In questo contesto le filosofie di rilascio sono contrastanti. Mentre il software commerciale segue la regola descritta poc'anzi, il software libero, (inteso come open source non come "gratis") usa un approccio completamente diverso e segue la filosofia che in inglese viene chiamata release soon, release often che significa "rilascia presto, rilascia spesso".
Alla base di questo approccio vi è la convinzione che se il software è rilasciato subito al grande pubblico vi sono molti più occhi che possono testare la applicazione e scovare i bugs. Non appena trovato un bug lo sviluppatore lo corregge e rilascia immediatamente una versione bug-fix della applicazione: ecco perchè i rilasci si susseguono molto spesso nel software libero.
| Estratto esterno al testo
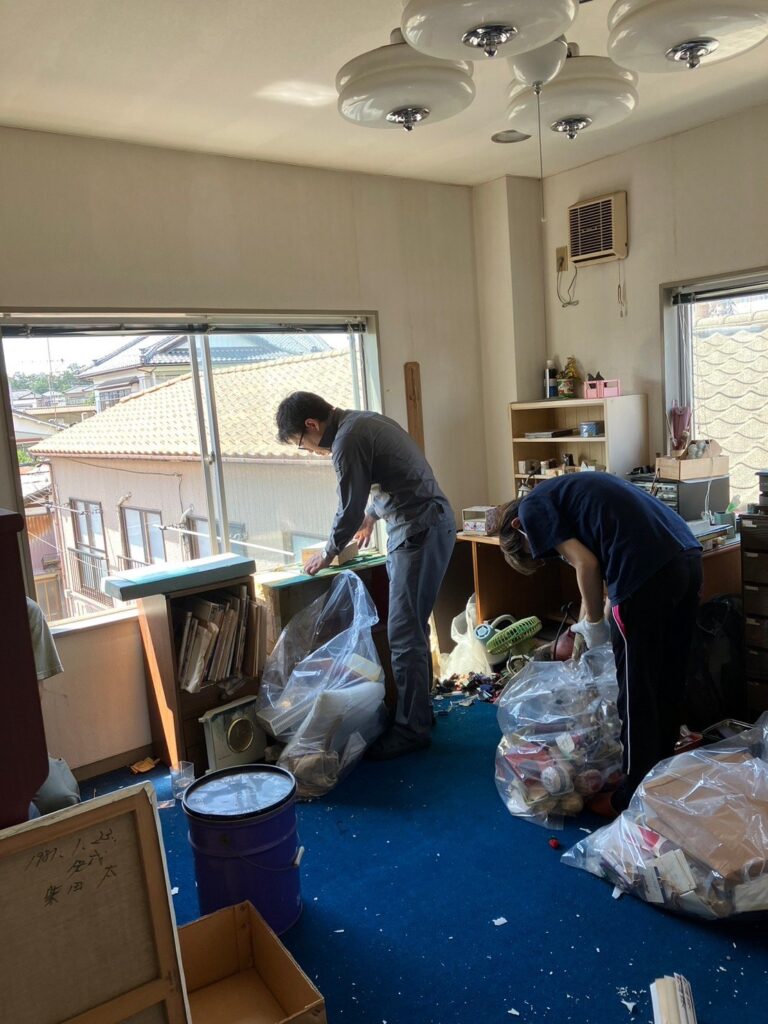 室内で袋詰めした家財を整理する作業員。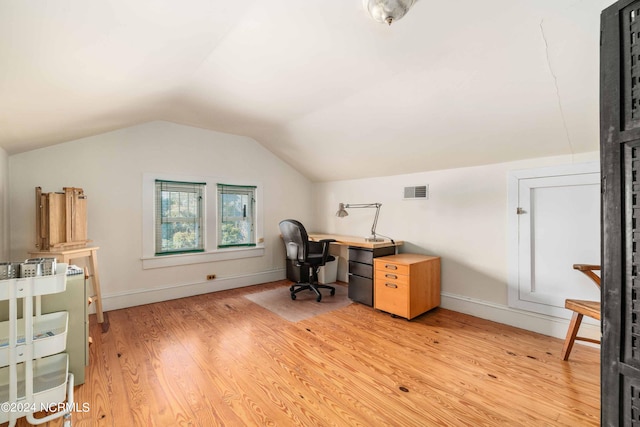 office featuring vaulted ceiling and light hardwood / wood-style floors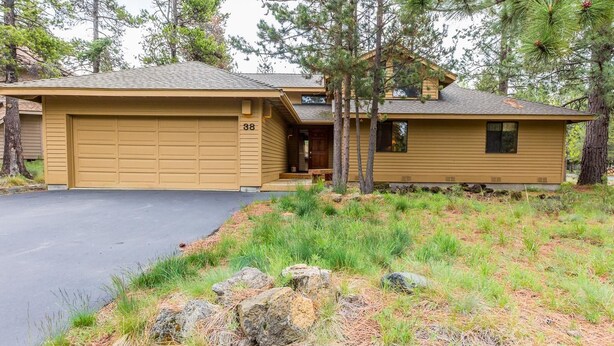 Une maison à deux étages avec un garage, entourée de pins et d’une zone herbeuse parsemée de rochers.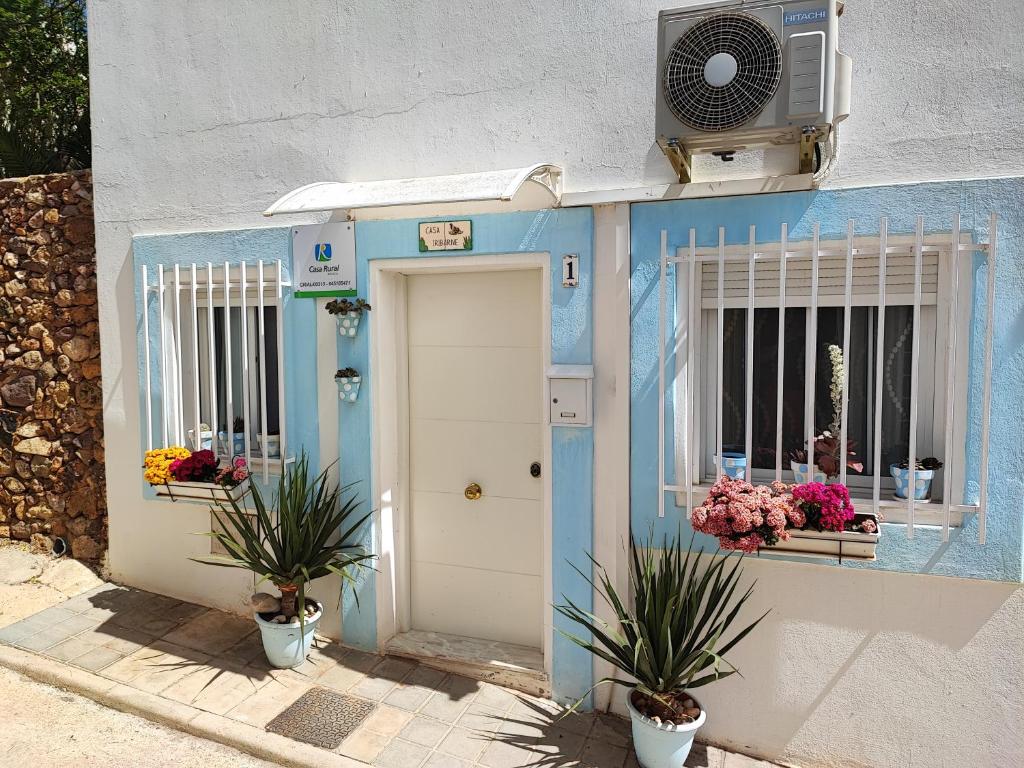 ein blaues Gebäude mit einer Tür und zwei Fenstern in der Unterkunft Casa Iribarne in Rodalquilar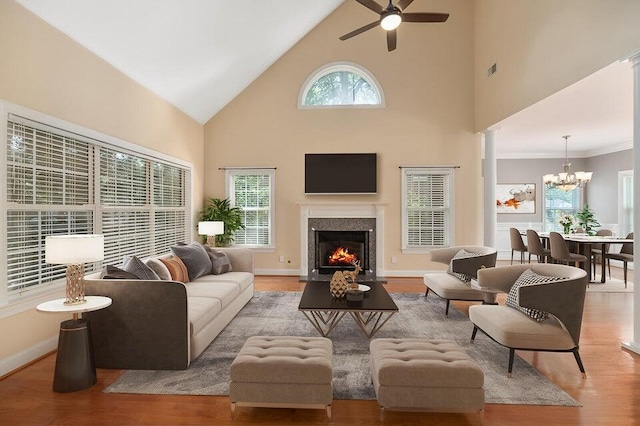 living room featuring high vaulted ceiling, ceiling fan with notable chandelier, a fireplace, and light hardwood / wood-style floors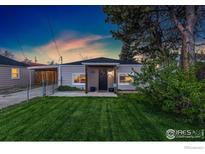 Charming single story home featuring a tidy front lawn, craftsman accents, and welcoming front porch at 109 S Fulton Ave, Fort Lupton, CO 80621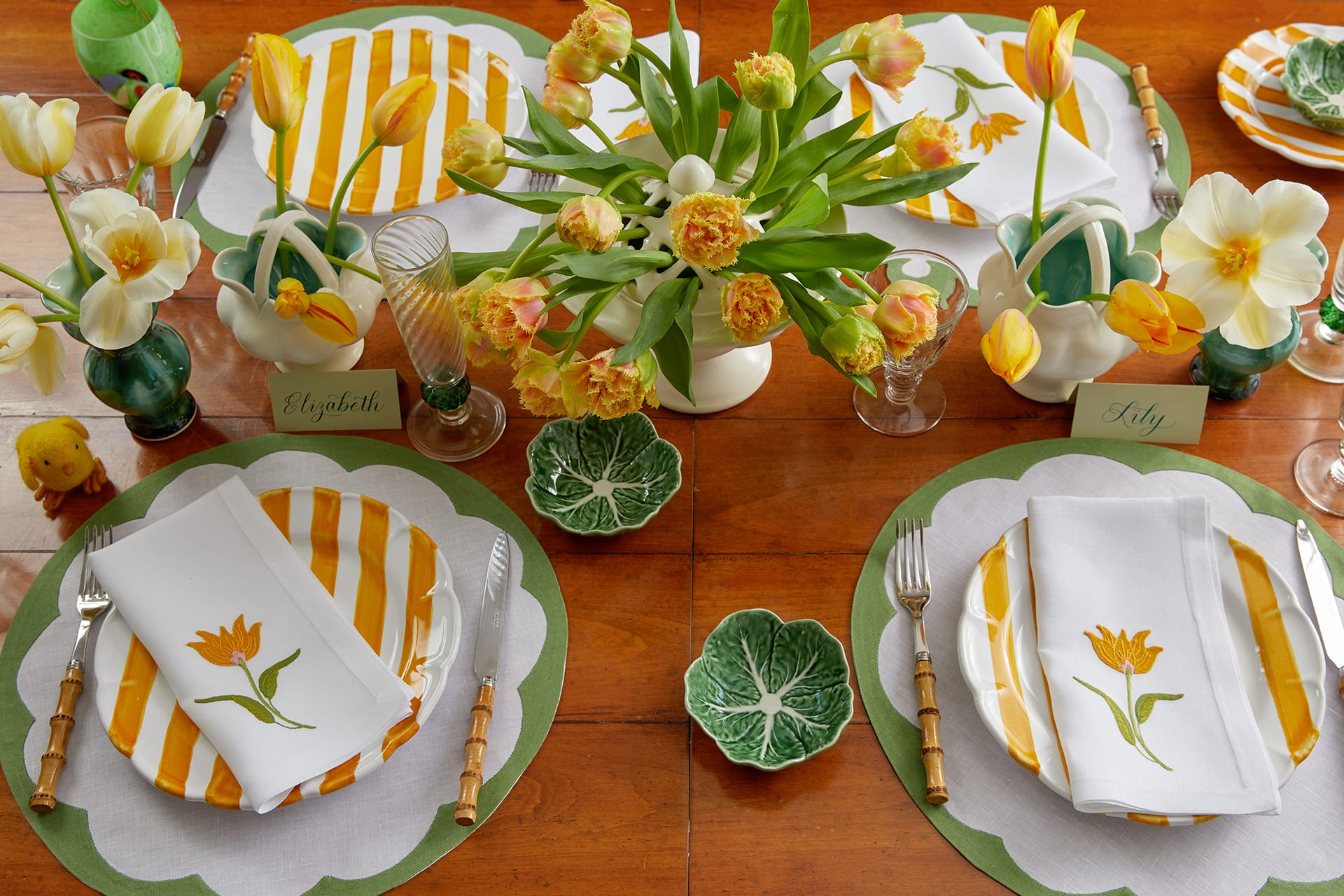 Elegant spring-themed table setting with tulips, striped plates, and personalized name cards on a wooden table.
Premetto che non sono previste versioni successive alla 1.0 salvo, ovviamente, le versioni bug-fix se dovessero rendersi necessarie. Tuttavia, proprio mentre ero in procinto di pubblicare questa mia opera, ho avuto una idea per aggiungere una nuova funzionalità alla applicazione.
Per facilitare la ricerca dei giocatori in rete viene usato il protocollo UDP che invia ad un client Mastermind le informazioni essenziali al collegamento col server (vedi Version 0.9: la ricerca dei giocatori in rete). Le informazioni inviate nel payload UDP sono sostanzialmente due: l'indirizzo IP (o hostname) del server e la porta TCP/IP a cui collegarsi.
Come informazione aggiuntiva viene inviato anche il nickname del giocatore che funge da server. Si potrebbe aggiungere al payload UDP altre due informazioni:
Non ho alcuna previsione di implementare questa nuova funzionalità nella app presentata in questo tutorial: lascio questo compito al lettore.